De vraag gaat over het lerend beheer van de Edelherten, op zich een pilot waar wij niet onsympathiek tegenover staan. De secretaris van de FBE noemde ook al het belang van de uitwisseling van DNA om een gezonde populatie te behouden. Voorzitter, dan is het wel uitermate belangrijk dat niet alleen de edelherten maar alle dieren in die regio, weert Nederweert, niet opgesloten zitten. Er ligt dan wel een mooi ecoduct over de A2, maar kan de gedeputeerde aangeven wat de stand van zaken is van motie 2358 uit november 2017 (!) om een ecoduct in combinatie met fietsbrug te maken over het kanaal des doods in Weert? Een verbinding over dat kanaal is niet alleen belangrijk voor het toerisme en de inwoners van Weert en om verdrinkingen van mens en dier tegen te gaan maar deze verbinding is ook essentieel om een aantal grote natuurgebieden met elkaar te verbinden en zodoende ook voldoende DNA uitwisseling te krijgen. Zonder deze verbinding heeft het ecoduct over de A2 ook weinig zin.

Het kan overigens ook nog betekenen dat de wilde zwijnen populatie afneemt aan Nederlandse zijde. We hebben er op 7 oktober vragen gesteld over de voortgang van motie 2358 en ik kijk uit naar de antwoorden, ook in relatie tot de uitwisseling van het DNA en de verbinding van natuurgebieden.

Een ecoduct in combinatie met een fietsbrug past uitstekend bij de ambities van de provincie om grensoverschrijdend te werk gaan, en natuurgebieden met elkaar te verbinden.

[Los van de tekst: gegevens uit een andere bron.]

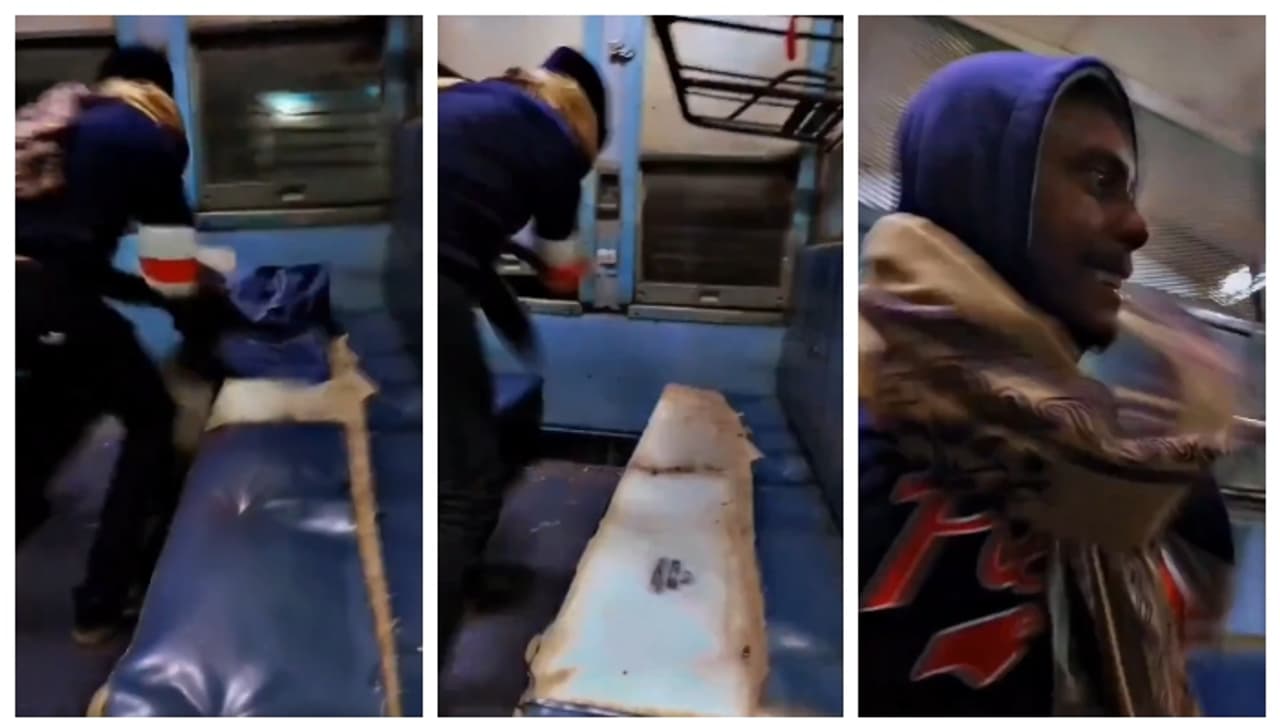 ചിരിച്ച് കൊണ്ട് ട്രെയിനിന്റെ സീറ്റ് കീറിയെറിഞ്ഞ് റീൽഷൂട്ട്; ഇവനാണ് ആൾ അറസ്റ്റ് ചെയ്യെന്ന് സോഷ്യൽ മീഡിയ ചിരിച്ച് കൊണ്ട് ട്രെയിനിന്റെ സീറ്റ് കീറിയെറിഞ്ഞ് റീൽഷൂട്ട്; ഇവനാണ് ആൾ അറസ്റ്റ് ചെയ്യെന്ന് സോഷ്യൽ മീഡിയ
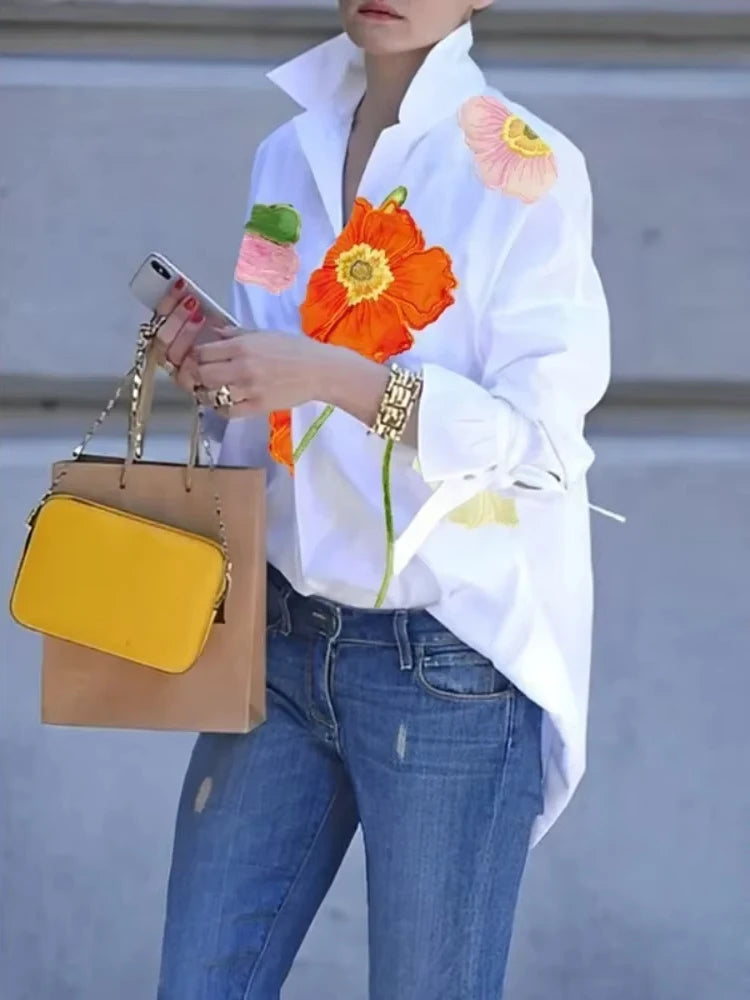 Yeezzi Female Stylish Floral Printed Lapel Shirts 2025 New Spring Long Sleeves Loose Urban Casual Office Blouse Tops For Women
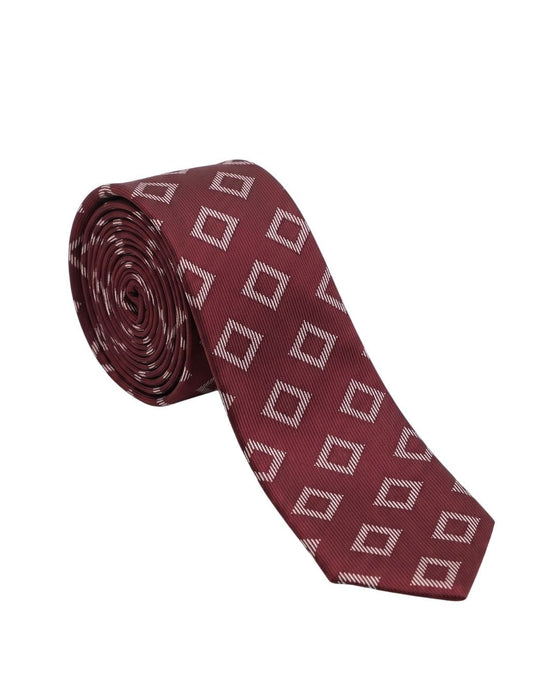 Armani Collezioni Mens Burgundy / Ivory Geometric Silk Neck Tie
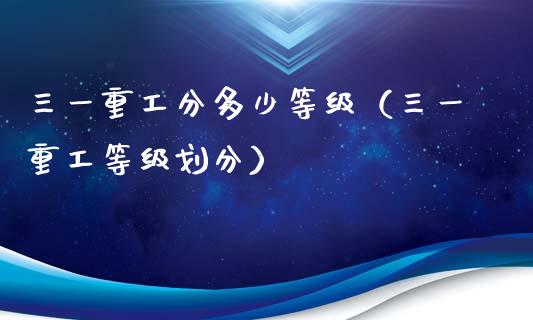 三一重工分多少等级（三一重工等级划分）_https://www.fsyjjx.cn_股票指导_第1张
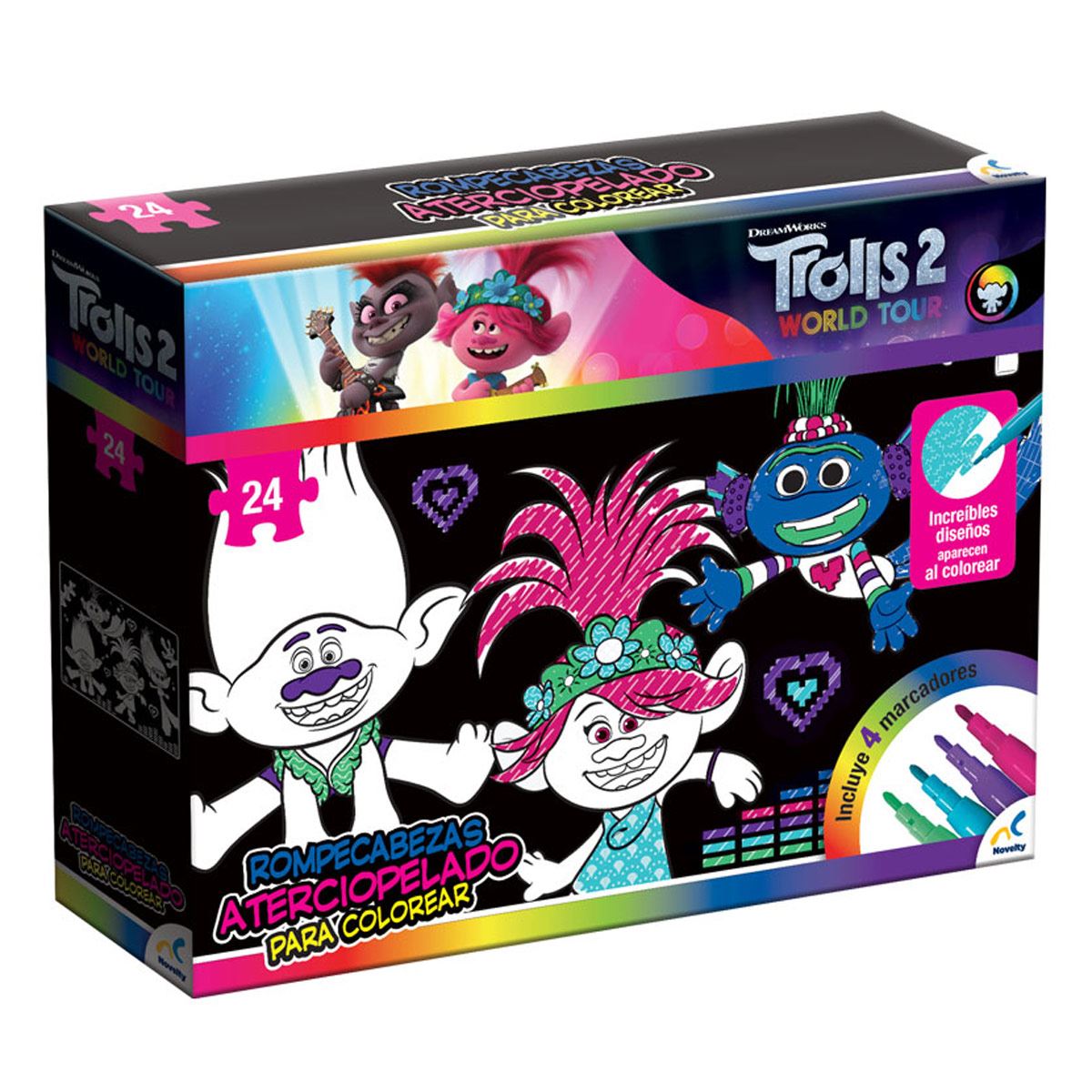 Rompecabezas Aterciopelado para Colorear Trolls Word Tour Novelty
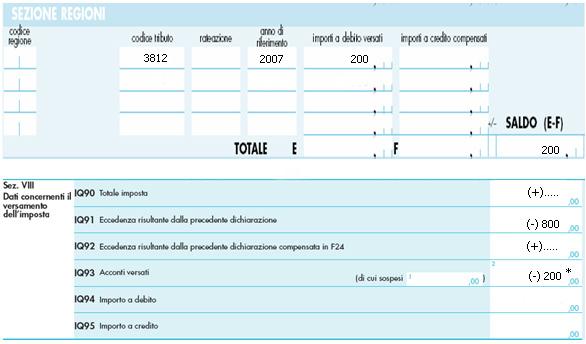 ipotesi di compensazione "semplice" o "interna" o "verticale", nel senso che l'importo a credito viene utilizzato per diminuire l'acconto Irap dovuto per il periodo d'imposta successivo (nel caso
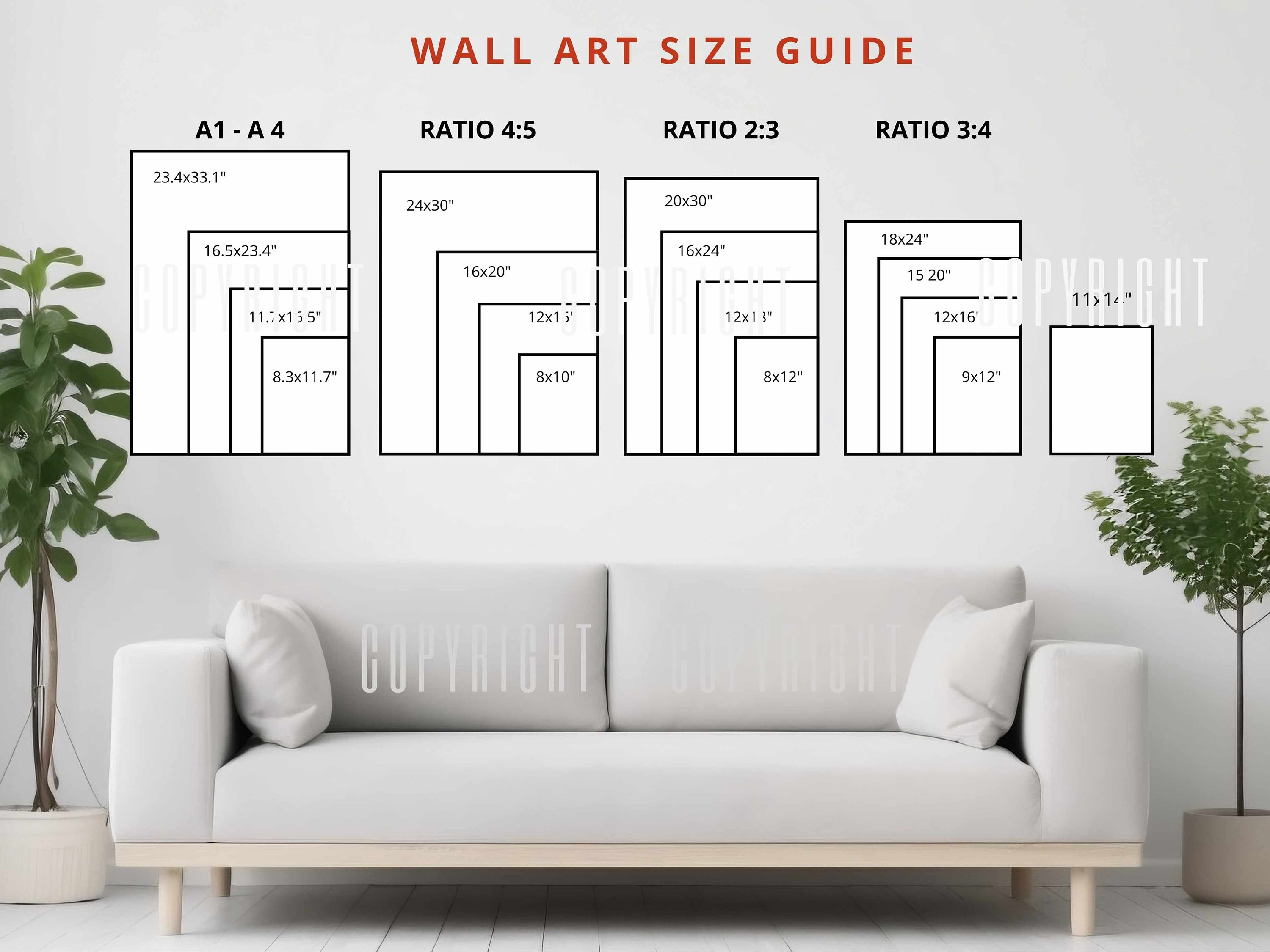 Livingroom Wall Decor Art Size Guide Digital Prints, Livingroom Wall ...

Voorzitter, we schieten maar op alles wat beweegt in Limburg. Maar is de Gedeputeerde het met me eens dat de beste manier om de kwetsbare populaties in stand te houden niet het afschieten van predatoren is maar ervoor te zorgen dat kwetsbare populaties robuuster en sterker worden? Graag een reactie hoe de gedeputeerde de kwetsbare populaties wil versterken?

Wat betreft de WASBEREN Voorzitter, ik heb al verwezen naar het exotenbeleid dat onwettig in het FBP is opgenomen. Wasberen horen ook onder exoten. Dat er primair wordt gekozen voor een no kill beleid vinden we goed. De hoogste kosten gaan overigens in het vangen zitten en niet bij het opvangen.

Tot slot de wolf voorzitter. Ik vind de zorgen van dhr. Geukemeyer, de schapenhouder, terecht. In beantwoording op eerder gestelde vragen over wolf conflict preventie vernamen we dat er inderdaad een pilot gaat lopen in Limburg. Onze complimenten hiervoor.

En dan nog een positieve noot. Al is die gemengd, want het heeft wel vier jaar moeten duren, sinds de motie over een afschotvrij natuurgebied in het debat over het burgerinitiatief hobbyjacht is aangenomen. Nu ligt er dan uiteindelijk een concreet voorstel voor het realiseren van een afschotvrij natuurgebied. Dat nog wel moet worden uitgewerkt, en verder zal een partij, lees de provincie, de leiding moeten nemen om het ook te realiseren. Kunnen we uit het concept goedkeuringsbesluit afleiden - wat wel een logische conclusie zou zijn, maar ik check het maar even – dat de provincie daar ook daadwerkelijk aan gaat trekken? Een projectleider aanstelt, en de stappen gaat zetten om het afschotvrije gebied ook werkelijk te realiseren? Graag een reactie van de gedeputeerde.